How it do, bloggeroos?? I’m doing pretty good. Getting ready for another long day in the office. Can’t be too bad, right?
Yesterday was pretty blah for me. I got on the ferry to head to work at 9:45am and didn’t get home until 10:05pm. Today will be the same. Ah, the joys of a ridiculously long commute. Hopefully, once my current apartment lease is up in August, I can move over to Seattle and open up my schedule a bit more. Unless my plans change somehow. Life can definitely be crazy sometimes. But if it wasn’t, it wouldn’t be nearly as interesting!
Today, I am going to discuss the art of salad-making!
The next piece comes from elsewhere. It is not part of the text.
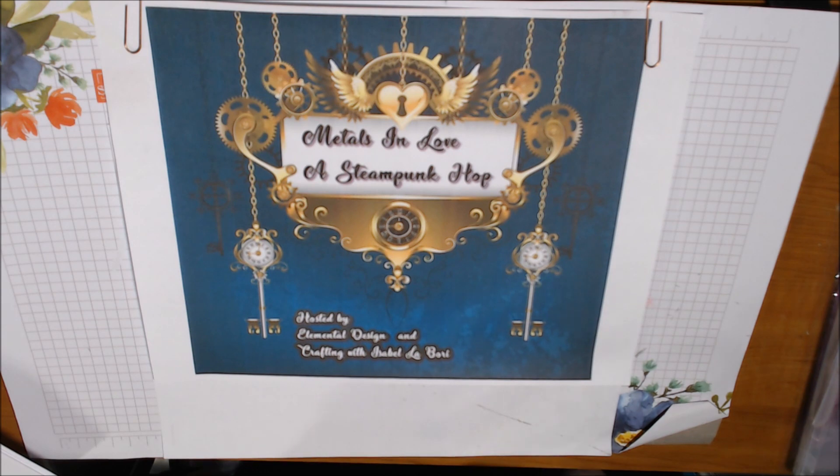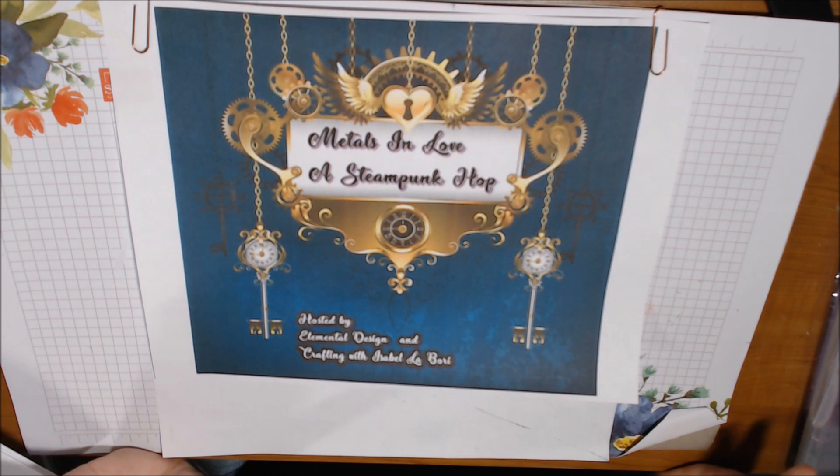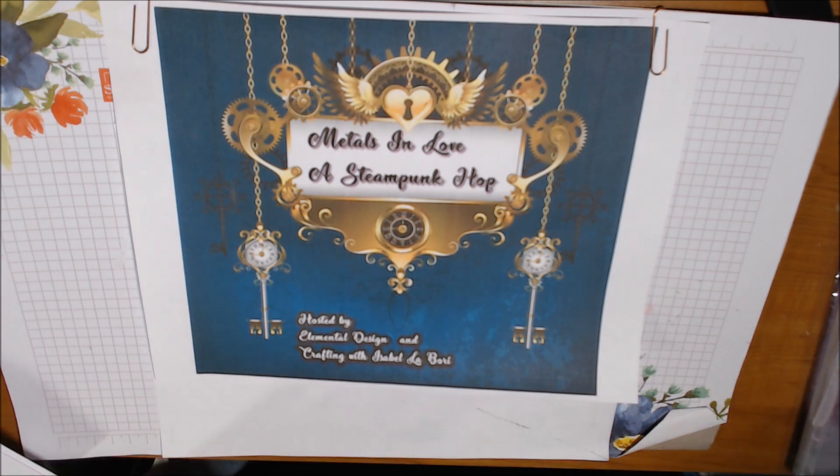I've been doing both the Metals in Love, which is steampunk, and Love is in the Air, which is more vintage shabby chic style. If you've seen the other videos, you already know — we had to do dimensional paper dresses styled in our chosen theme.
Honestly, I never used to eat salads. I really didn’t want anything to do with them. To me they were lame, and never really tasted that good. And, God no, was I gonna make them at home. Way too much effort, obviously. If you haven’t yet noticed, I now eat a big ol’ fatty salad pretty much everyday, and I am here to prove that it is a lot easier, and tastier, than you think!
Elements of a Salad
Every good salad should have the following:
- Greens. Whatever kind you like best. Switch them out every week or so to make sure you’re getting a nice assortment of nutrients. I usually go between spring mix, romaine, green leaf lettuce, red leaf lettuce, spinach, and arugula. I also like kale salads, but I don’t usually make those the same way I do the rest of my salads. You can buy pre-washed salad, like the spring mix, or you can use the greens in their natural form. For natural bunches of greens, the only prep required is to wash it, grab a cutting board and chef’s knife and chop it into bit sized pieces, then throw it in your salad bowl. Pre-washed is even easier. I would still recommend washing it first, but usually no chopping is required and you can toss it right in.
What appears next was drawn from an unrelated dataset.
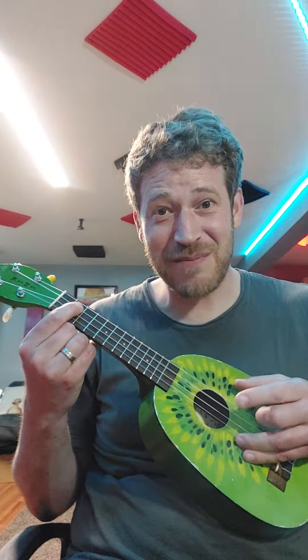See the lights changing behind me? Whoa!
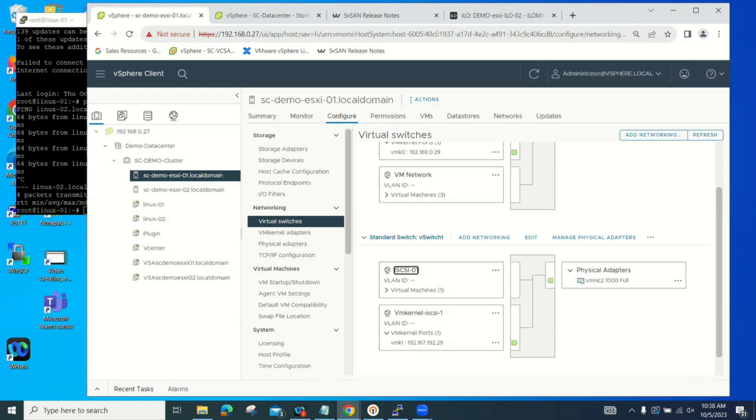We see a lot of customers say, 'I've got a server on site and I need to add another for high availability, but I don't have those switch ports.' Well, you don't have to have switch ports for our iSCSI — we just do a direct connect between the two servers. Whatever network design you have in your environment is the network we'll use when we create our virtual storage appliance.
- Assorted Chopped Veggies. This is where salads really get interesting. You can really use anything your heart desires. Some of my frequently used veggies are cucumbers, avocado, tomato, bell pepper, mushrooms, red cabbage, red onion, carrot, and artichoke hearts. The possibilities are really endless. Again, like with the lettuce, just wash your veggies, peel them, if need be, and chop them into bite sized pieces. You can even chop a bunch of veggies ahead of time to save you time. Be wary, however, because some vegetables, like avocados should not be cut ahead of time, because they will oxidize and turn an icky brown color.
- Beans and Seeds. I like to boost the protein content of my salads by tossing in some beans and seeds. My favorite salad bean would have to be garbanzos. They have a mild flavor, and really add a nice texture to your salad. Any cooked beans will do though. I usually include about a 1/2 cup of beans. I also usually toss in about a tablespoon or two of seeds. Usually sunflower seeds or pumpkin seeds, since it’s what I have on hand.
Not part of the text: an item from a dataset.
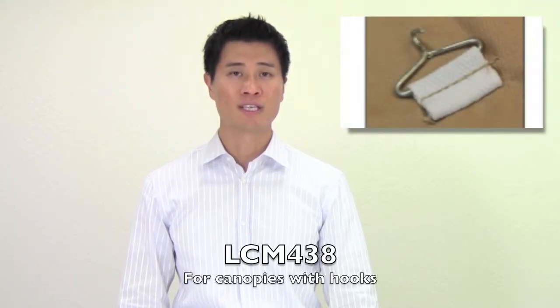Now there are two versions to this canopy. If your original canopy used hooks to attach to the gazebo frame, you would need the model number LCM438. On the other hand, if your gazebo mainly uses velcro straps to attach the canopy to the frame, then this is the correct canopy: LCM438REV.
- Dressing. This is another place where you can really change it up, since there are sooo many different kinds of dressings out there. Or, if you find a dressing that you really love, you can use it all the time. You can use store bought dressing, or make your own at home. I use Annie’s Goddess dressing on my salads almost everyday. It’s got an amazing garlic-y flavor that I am in love with. Another favorite of mine is honey mustard, no matter which brand. Just add your desired amount of dressing (usually a couple tablespoons for me) and toss. I love the salad container that I bring to work with me, because you can just put the lid on and shake it to toss your salad. If shaking isn’t an option, just use your fork, or some salad fingers, or whatever you would like.
Now, all you need to do is make sure you keep everything you need on hand! You can have the best intentions to eat salad, but if the ingredients aren’t in your fridge and pantry, you aren’t going to do it! So get your cute butt to the grocery store and go stock up your fridge! You can even just buy a few items this week, then rotate your veggies and buy different ones next week. The possibilities are endless.
Well, munch up kids, and have a fantastic day!